# The Dice Man Cometh!



## Martinelv (Aug 10, 2004)

I don't know how many peole are familiar with this book, by Luke Reinhart, but it's a novel about a psychiatrist who decides to rule his life y the roll of a dice. Every day he makes a list of thing he really really really wouldn't want to do, a list of things he doesn't mind doing, and a list for things he hates doing. He rolls the dice an, good or not, he HAS to carry the task out. I've played this a few memorable times - in Amerdam, but I'll space you the consequences.

So, I wrote up three lists last night - named: WHAT DO DO BEFORE I GO OUT:

1- Don't move from your bed
2 - Get up, go out, but drink 2 litres of cider before you
3 - Go out as normal
4 - Got out and speak to everyone as if you don't speak good english
5 - Go out dressed like a tramp, and sit on the floor for no less than 15 mins
6 - Go out and run down the street screaming 'A lion.....A Lion'.

I threw a two. So, while I'm struggling through my cider before going out I'll regalie you with the second die throw.

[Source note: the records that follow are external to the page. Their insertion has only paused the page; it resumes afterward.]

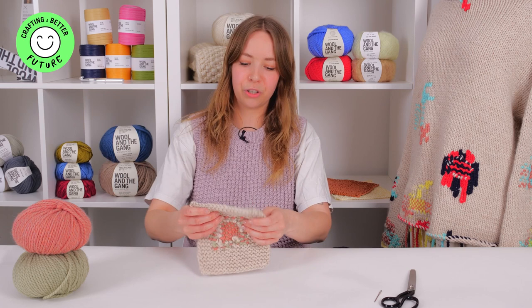Hi, I'm Hannah. I'm from Restoration London. We run a lot of upcycling and mending workshops around London.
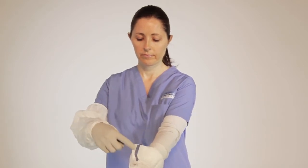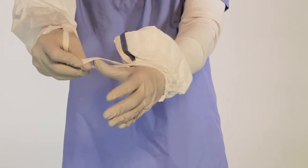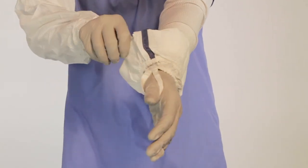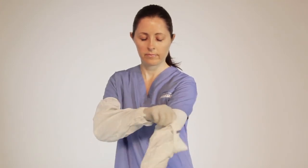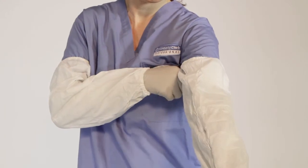Locate the blue line again. Position the opening to align the thumb loop to the thumb. Place the thumb loop over the thumb. Touching the side with the blue line, pull the sleeve up the arm to the bicep to complete the donning process.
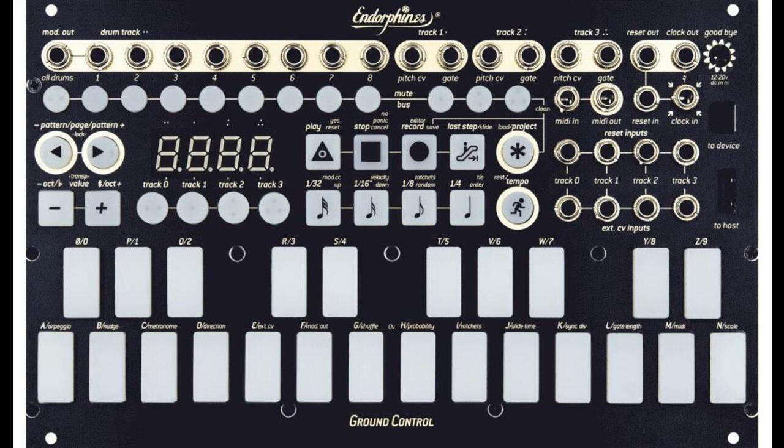Additional features include: arpeggiator, roller, patterns cue, live notes removal, slides, ties/rests, and quick transpose.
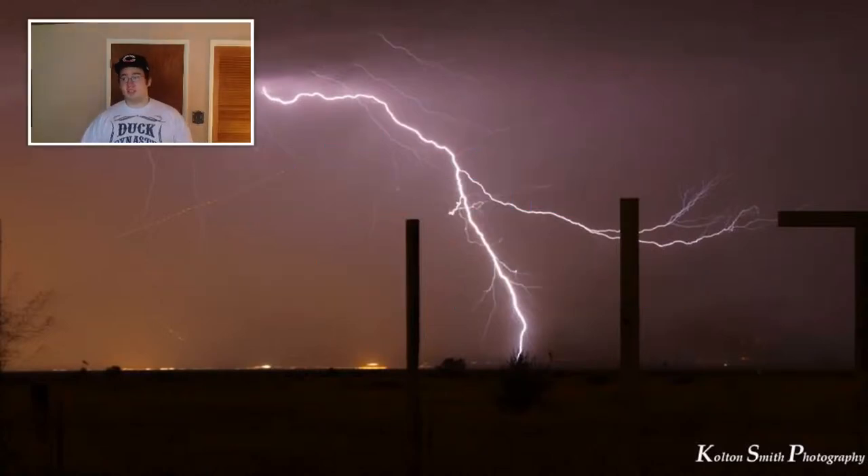I wish it was thunderstorm season because I really enjoy taking more lightning shots. But right now it's winter. Speaking of lightning, we actually had some lightning today, which is called Thundersnow, which I thought was really interesting.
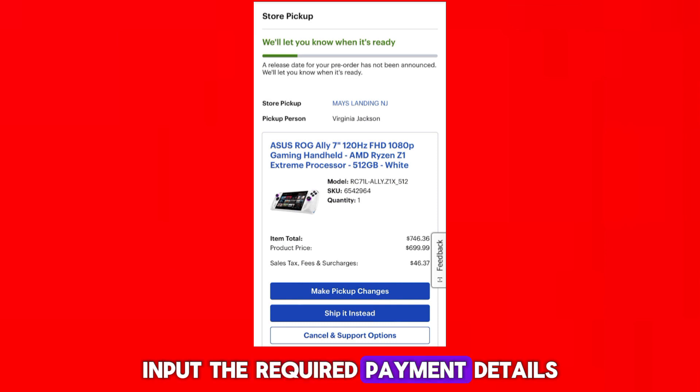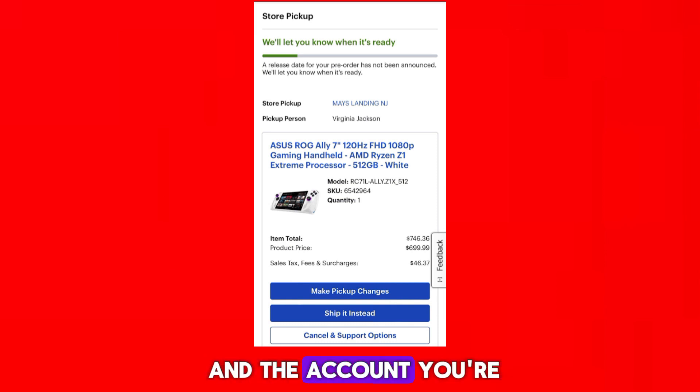Input the required payment details, such as the amount you wish to pay and the account you're paying from. Double-check the payment information for accuracy, then confirm the payment.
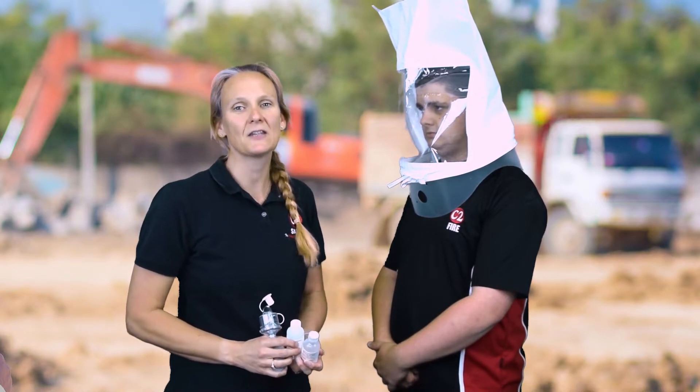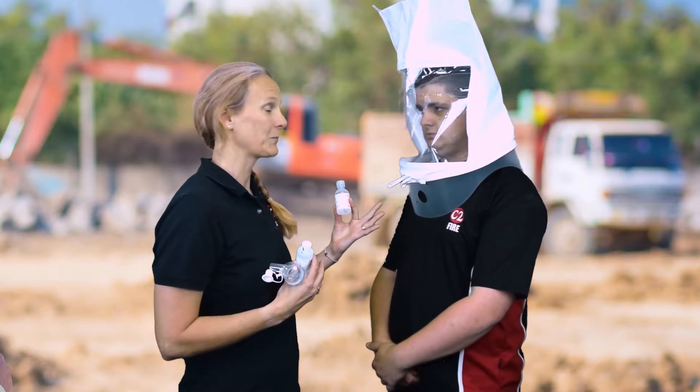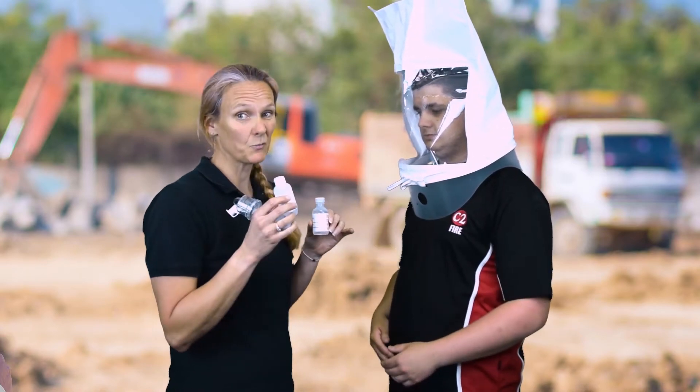The next stage in the face fit test is to perform a sensitivity test. We generally have two solutions that we can use. Which one we use depends on the answers given from the participant regarding allergens. So as Tom has no allergies, I've already decided which one to use for him.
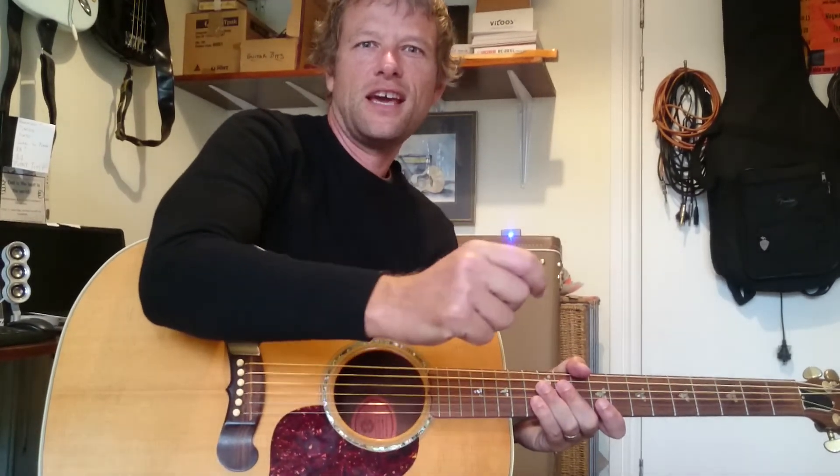Alright, thank you very much for watching. I will see you next time, and subscribe if you want to see more videos like this one. Bye!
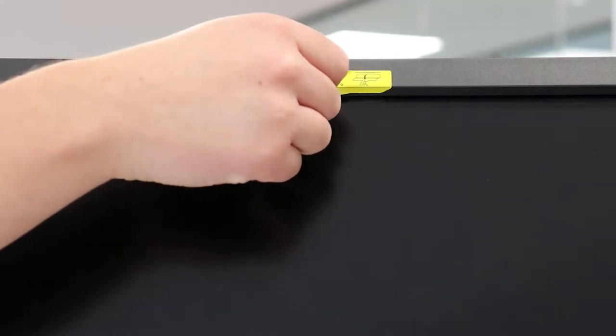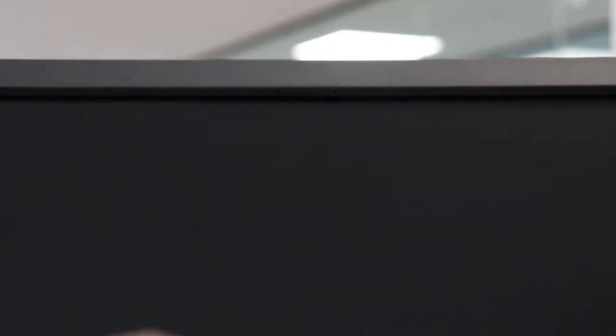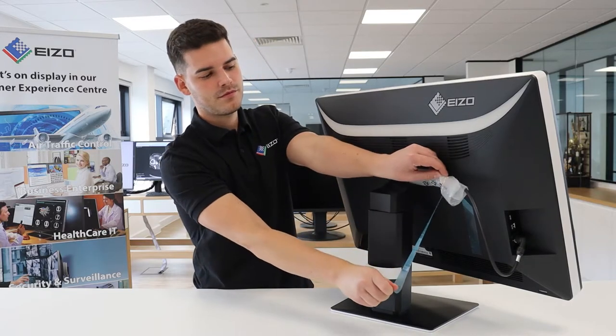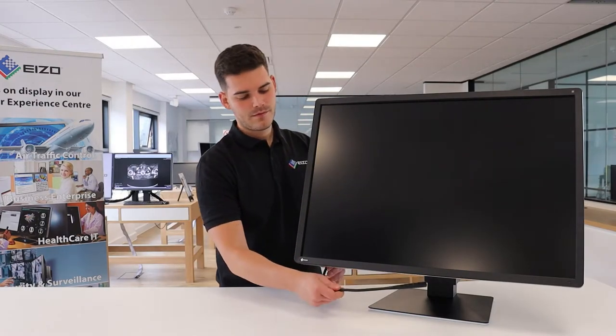Then remove the integrated front sensor seal located at the top of the monitor. Detach the comfort reading light from the rear cabinet and position it to your preference.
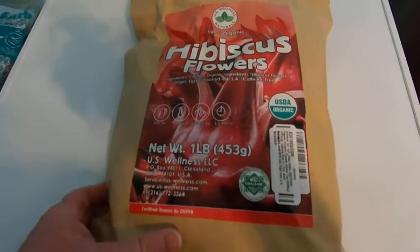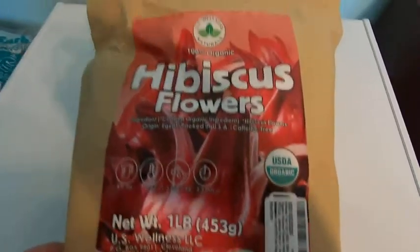This is a really good product, really easy to use. This is hibiscus flowers and this is organic.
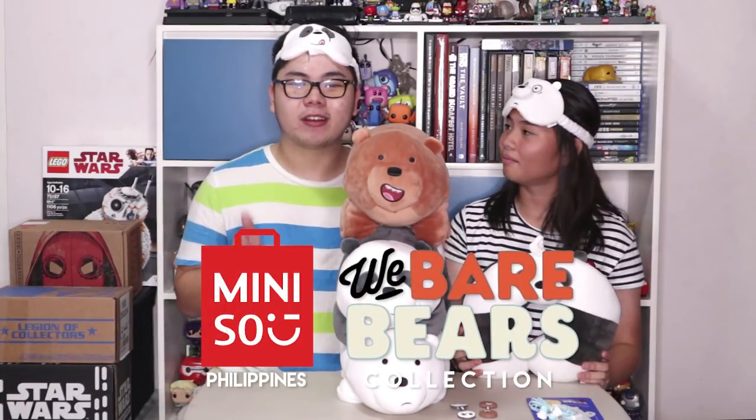That is our Miniso Philippines We Bare Bears collection haul. Aside from these items, Miniso Philippines offers a lot of other things in their We Bare Bears collection — I think I saw deodorant, lotions, tissue boxes, power banks, phone cases, notebooks, and a tote bag. You can check out the Miniso Philippines Facebook page to see the rest of the collection. Aside from We Bare Bears, they also have Powerpuff Girls and Pink Panther items. I recommend looking for these first because they're really hard to find — especially Ice Bear. When I went to the store there were only about 3 Ice Bears left and a few Pandas, but still a lot of Grizz for some reason. All the love for all the bears regardless!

1 - Walk 11 miles to Diss, then walk straight home
2 - Go to the pub for no less than 2 hours
3 - Go and buy some flowers and gife them to a ranom women
4 - Engage a complete stranger in conversation. The conversation must not last less than 3 minutes
5 - Walk around thr town centre, drooling, an dragging my left leg behind me
6 - Go out and keeping suddenly pointing and staring at the sky alot.

I thew a 4. Great. Looking forward to that.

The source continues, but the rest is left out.